While the problem is formulated very simple, the solution is not obvious, especially because there are many queries to handle - up to $10^5$ and the input string can have at most $10^6$ letters. I will sketch two completely different approaches here.

LCP Method

First of all, we construct suffix array for string $S$. While $O(n \cdot \log n)$ algorithm is fine here, we can use a simple and famous linear one by Kärkkäinen and Sanders known as Skew algorithm

After that, we compute longest common prefix array abbreviated as $LCP$ array, where $LCP[i]$ is the longest common prefix of suffixes $i$ and $i-1$ in the suffix array.

Using our $LCP$ array and some range queries, we are able to compute the length of the longest common prefix for arbitrary suffixes of $S$, the sketch of this method is available here.
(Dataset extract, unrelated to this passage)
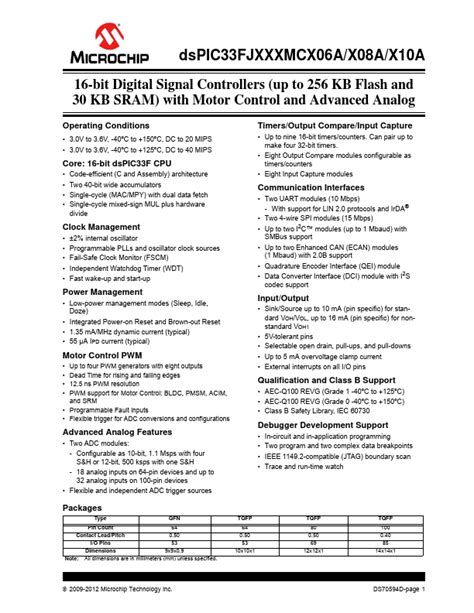 DSPIC33FJ256MC510A-I/PT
Being able to do that, let's consider any query $i, j, k, l$ and two substrings $S[i, j]$ and $S[k, l]$. Let assume that they have equal length $K$, because the other case is trivial. In order to answer, if these substrings are almost equal, first we compute the length of $LCP$ of suffixes of $S$ starting in $i$ and $k$. Let this length to be $L$. If $L \geq K$, then we know that our two substrings are exactly equal. In the other case, we know that they differ on position $L + 1$, so we compute the length of the $LCP$ of suffixes starting just after this different character and the answer to the query is positive if these suffixes have equal at least $K - L - 1$ characters, otherwise it is negative.

Time Complexity

If we use Skew algorithm and the fastest method of computing $LCP$ of arbitrary strings, we can achieve $O(n + q)$, but any algorithm running in $O(n \cdot \log n + q \cdot \log q)$ is also fine.

Hashing method

The idea is to provide a method for deciding if $S[i, j] = S[k, l]$ in constant time for any $i \leq j$ and $k \leq l$

For now, let's assume that we can do that.
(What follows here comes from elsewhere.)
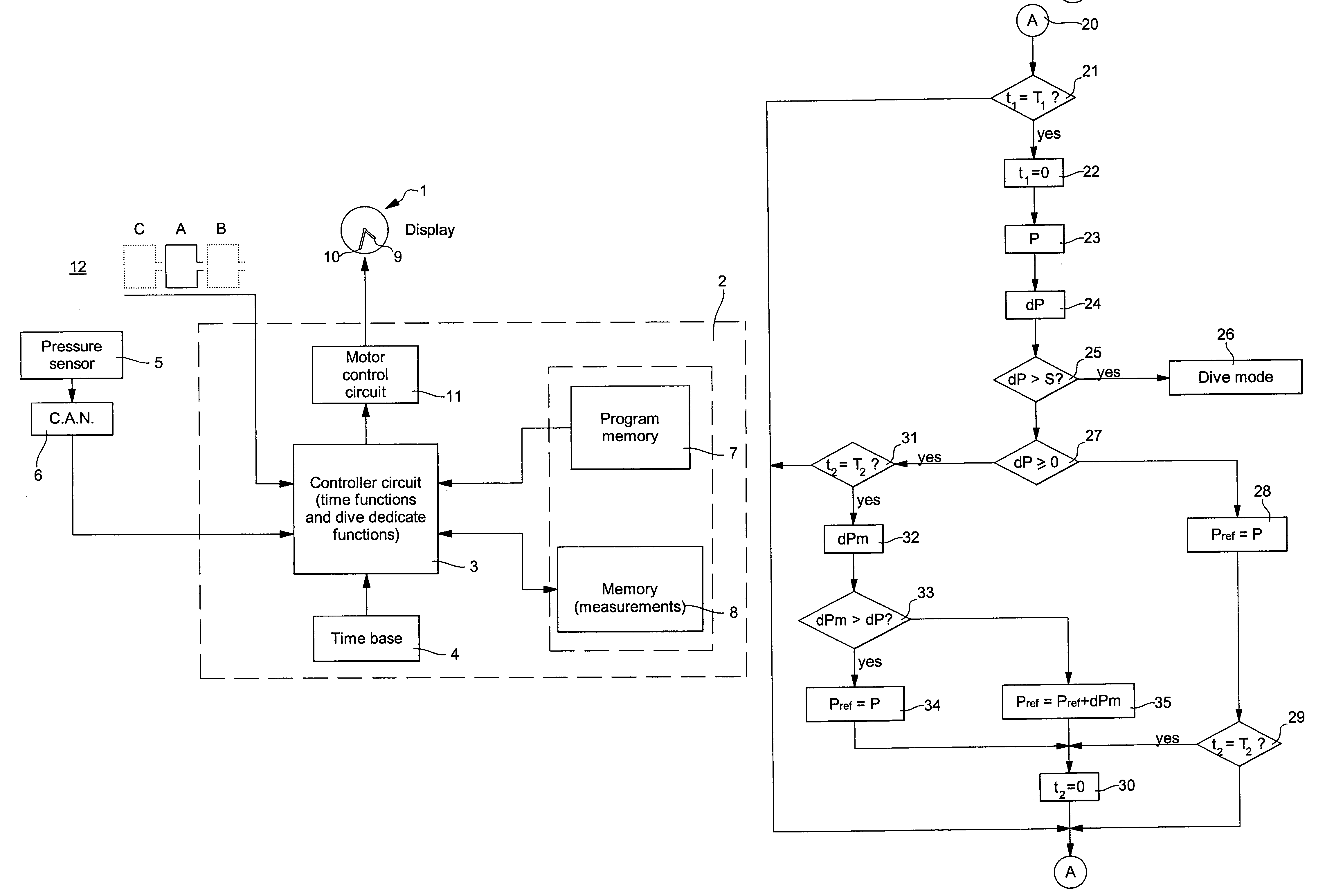 Process of detection of a dive start in a dive computer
Then in order to decide if $S[i, j]$ is almost equal to $S[k, l]$, first we check if they have equal length. If they have, then we check if $S[i, j] = S[k, l]$ if it is, they are exact the same strings. If not, we find the first letter on which they are different. We can do this using binary search and our method for equality of substrings on prefixes of both strings. After we find this first letter, let say it has index $x$ inside these strings, we just need to compare $S[i + x + 1, j]$ with $S[k + x + 1, l]$ and we assumed that we can do this in $O(1)$ time.

In order to do our magic comparison in constant time, first we define

$H[i] = s[0] \cdot P^{i - 1} + s[1] \cdot P^{i - 2} + ... + s[i - 1] \cdot P^1 + s[i]$

which is called polynomial hash of a string and we can compute $H[i]$ for all $0 \leq i \leq n - 1$ in $O(n)$ using Horner's method i.e:

$H[0] = s[0]$

$H[i] = P \cdot H[i - 1] + s[i]$ for $i > 0$

All these computations can be done modulo some big prime, but it is faster to use unsigned long long type here, especially for c++ which is nice in this contest, and we can avoid modulo computation.

The next step is to be able to check if $S[i, j] = S[k, l]$ and we can do this by multiplications and subtractions of some values from $H$ table, which can be done in constant time.

Of course this method is a probabilistic one and it can return false results, but we can either assume that it works for one $H$ function, or compute more than one hashing function to increase its probability. It is worth to mention that using two functions rather that one squares the probability of an error. An example of using two functions can be computing both as $H$ function given above, but for each one computing it modulo a different big prime number.

Time Complexity

Computing $H$ table takes $O(n)$ and binary search for one query takes $O(\log n)$, so the overall complexity is $O(n + q \cdot \log n)$.